By Ogozi John
The US Attorney General’s Office has reported that a man identified as Christopher Cain, 26, from Chicago, who used the not so well known method of “cracking cards” to steal more than $180,000, has been sentenced to five years in prison.
Cain’s fraudulent operation involved collecting debit cards and personal identification numbers (PIN) from recruited cardholders with the promise that they would share in the proceeds, a promise that he usually failed to keep.
After getting the card and PIN, he then would deposit counterfeit checks into the cardholder’s bank account and immediately make withdrawals from automatic teller machines (ATM), leaving the cardholders to deal with the banks when the fraudulent transaction is discovered.
According to the report, Cain used a recruiter to scout for young cardholders on Facebook, YouTube and other social media platforms, targeting university campuses, concert venues and similar places where a high number of gullible, cash-hungry young people could be found.
With a tattoo of an ATM on his arm, and over two years of engaging in the crime, Cain was becoming notorious, having made 50 cash withdrawals with the card details of 49 different cardholders from one ATM on Chicago’s South Side.

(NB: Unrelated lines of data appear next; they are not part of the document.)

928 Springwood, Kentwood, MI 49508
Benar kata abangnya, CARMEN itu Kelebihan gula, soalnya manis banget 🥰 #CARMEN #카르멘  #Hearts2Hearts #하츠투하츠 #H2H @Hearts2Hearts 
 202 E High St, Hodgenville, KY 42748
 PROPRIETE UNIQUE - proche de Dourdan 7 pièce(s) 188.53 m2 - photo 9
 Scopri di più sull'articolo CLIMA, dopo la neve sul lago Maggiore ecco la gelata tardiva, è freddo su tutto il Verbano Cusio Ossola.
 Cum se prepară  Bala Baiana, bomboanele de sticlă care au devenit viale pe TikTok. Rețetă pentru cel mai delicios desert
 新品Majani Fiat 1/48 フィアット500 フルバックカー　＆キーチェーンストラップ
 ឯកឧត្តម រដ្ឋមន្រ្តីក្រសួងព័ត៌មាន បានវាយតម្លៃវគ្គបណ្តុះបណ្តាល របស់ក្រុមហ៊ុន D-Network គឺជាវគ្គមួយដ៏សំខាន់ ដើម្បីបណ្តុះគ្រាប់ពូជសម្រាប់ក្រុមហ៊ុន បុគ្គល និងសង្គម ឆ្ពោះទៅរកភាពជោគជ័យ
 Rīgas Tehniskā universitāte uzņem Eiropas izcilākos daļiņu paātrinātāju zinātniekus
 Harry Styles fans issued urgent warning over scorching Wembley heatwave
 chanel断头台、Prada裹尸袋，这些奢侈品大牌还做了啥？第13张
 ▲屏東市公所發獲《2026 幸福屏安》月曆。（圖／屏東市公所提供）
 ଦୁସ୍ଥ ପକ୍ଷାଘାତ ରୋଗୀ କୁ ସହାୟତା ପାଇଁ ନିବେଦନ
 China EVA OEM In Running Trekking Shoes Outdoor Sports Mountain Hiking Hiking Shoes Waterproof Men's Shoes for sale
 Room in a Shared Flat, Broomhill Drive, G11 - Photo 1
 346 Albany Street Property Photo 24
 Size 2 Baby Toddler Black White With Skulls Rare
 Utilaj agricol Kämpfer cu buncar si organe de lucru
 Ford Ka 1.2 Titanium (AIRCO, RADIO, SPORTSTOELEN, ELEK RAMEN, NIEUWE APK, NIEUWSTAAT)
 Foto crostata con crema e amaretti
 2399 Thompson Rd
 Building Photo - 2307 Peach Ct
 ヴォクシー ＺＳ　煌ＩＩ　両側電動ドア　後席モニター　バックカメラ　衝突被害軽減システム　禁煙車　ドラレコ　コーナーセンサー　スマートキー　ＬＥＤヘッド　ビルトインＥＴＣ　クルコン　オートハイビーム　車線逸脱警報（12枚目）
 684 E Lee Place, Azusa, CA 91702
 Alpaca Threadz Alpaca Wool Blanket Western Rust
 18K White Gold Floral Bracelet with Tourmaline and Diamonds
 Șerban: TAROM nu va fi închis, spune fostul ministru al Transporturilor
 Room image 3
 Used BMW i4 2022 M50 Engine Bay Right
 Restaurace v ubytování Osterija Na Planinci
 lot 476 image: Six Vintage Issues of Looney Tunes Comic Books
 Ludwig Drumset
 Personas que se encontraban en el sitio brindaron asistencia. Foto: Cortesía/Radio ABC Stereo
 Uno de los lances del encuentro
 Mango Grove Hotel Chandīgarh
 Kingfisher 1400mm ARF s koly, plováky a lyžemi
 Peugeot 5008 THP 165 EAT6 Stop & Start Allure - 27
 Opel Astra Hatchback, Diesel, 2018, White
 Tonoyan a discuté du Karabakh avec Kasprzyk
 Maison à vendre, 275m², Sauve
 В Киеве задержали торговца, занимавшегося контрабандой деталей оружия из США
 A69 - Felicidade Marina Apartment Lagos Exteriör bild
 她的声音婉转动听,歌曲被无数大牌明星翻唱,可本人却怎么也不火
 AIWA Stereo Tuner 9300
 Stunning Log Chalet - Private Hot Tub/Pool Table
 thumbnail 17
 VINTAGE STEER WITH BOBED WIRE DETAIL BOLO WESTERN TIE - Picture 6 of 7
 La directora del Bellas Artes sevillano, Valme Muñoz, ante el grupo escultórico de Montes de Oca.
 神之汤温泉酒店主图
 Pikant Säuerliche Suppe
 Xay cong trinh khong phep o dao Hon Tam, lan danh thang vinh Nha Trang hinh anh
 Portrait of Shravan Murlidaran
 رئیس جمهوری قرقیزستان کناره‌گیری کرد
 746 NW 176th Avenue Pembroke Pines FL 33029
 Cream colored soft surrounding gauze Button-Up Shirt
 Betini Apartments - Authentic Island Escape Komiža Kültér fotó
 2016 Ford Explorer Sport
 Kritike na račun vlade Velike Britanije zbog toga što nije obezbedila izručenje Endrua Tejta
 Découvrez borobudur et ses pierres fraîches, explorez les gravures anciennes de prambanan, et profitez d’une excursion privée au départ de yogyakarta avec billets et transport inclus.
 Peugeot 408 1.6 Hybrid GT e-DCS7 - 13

The long arm of the law caught up with him in July, as he pleaded guilty to bank fraud and named 15 others, including a relative, that were involved in fraudulent ATM transactions and 3 people that made counterfeit checks.
Frank Himel, Cain’s attorney, said his willingness to co-operate with authorities and the fact that he suffers from bipolar disorder, a mental disease, should have been justification for his sentence to only be 30 months.
An investigator has said that more than 1,000 young people in Chicago have reported to being victims of the cracking-card scheme within the last two years.